As with any tool, it's important to understand when Hadoop is a good fit for the problem in question. The architecture choices made within Hadoop enable it to be the flexible and scalable data processing platform it is today. But, as with most architecture or design choices, there are consequences that must be understood. Primary amongst these is the fact that Hadoop is a batch processing system. When you execute a job across a large data set, the framework will churn away until the final results are ready. With a large cluster, answers across even huge data sets can be generated relatively quickly, but the fact remains that the answers are not generated fast enough to service impatient users. Consequently, Hadoop alone is not well suited to low-latency queries such as those received on a website, a real-time system, or a similar problem domain.

When Hadoop is running jobs on large data sets, the overhead of setting up the job, determining which tasks are run on each node, and all the other housekeeping activities that are required is a trivial part of the overall execution time. But, for jobs on small data sets, there is an execution overhead that means even simple MapReduce jobs may take a minimum of 10 seconds.

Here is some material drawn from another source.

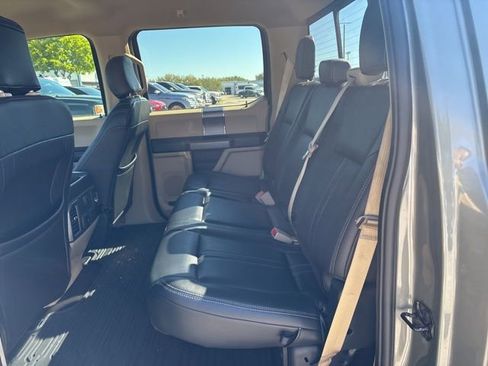 Used 2019 Ford F150 XLT w/ Equipment Group 302A Luxury image 10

But haven't Google and Yahoo both been among the strongest proponents of this method of computation, and aren't they all about such websites where response time is critical? The answer is yes, and it highlights an important aspect of how to incorporate Hadoop into any organization or activity or use it in conjunction with other technologies in a way that exploits the strengths of each. In a paper,(http://research.google.com/archive/googlecluster.html) ,Google sketches how they utilized MapReduce at the time; after a web crawler retrieved updated webpage data, MapReduce processed the huge data set, and from this, produced the web index that a fleet of MySQL servers used to service end-user search requests.

The most common deployment model for Hadoop sees the HDFS and MapReduce clusters deployed on the same set of servers. Each host that contains data and the HDFS component to manage it also hosts a MapReduce component that can schedule and execute data processing. When a job is submitted to Hadoop, it can use an optimization process as much as possible to schedule data on the hosts where the data resides, minimizing network traffic and maximizing performance. A part of the challenge with Hadoop is in breaking down the overall problem into the best combination of map and reduces functions.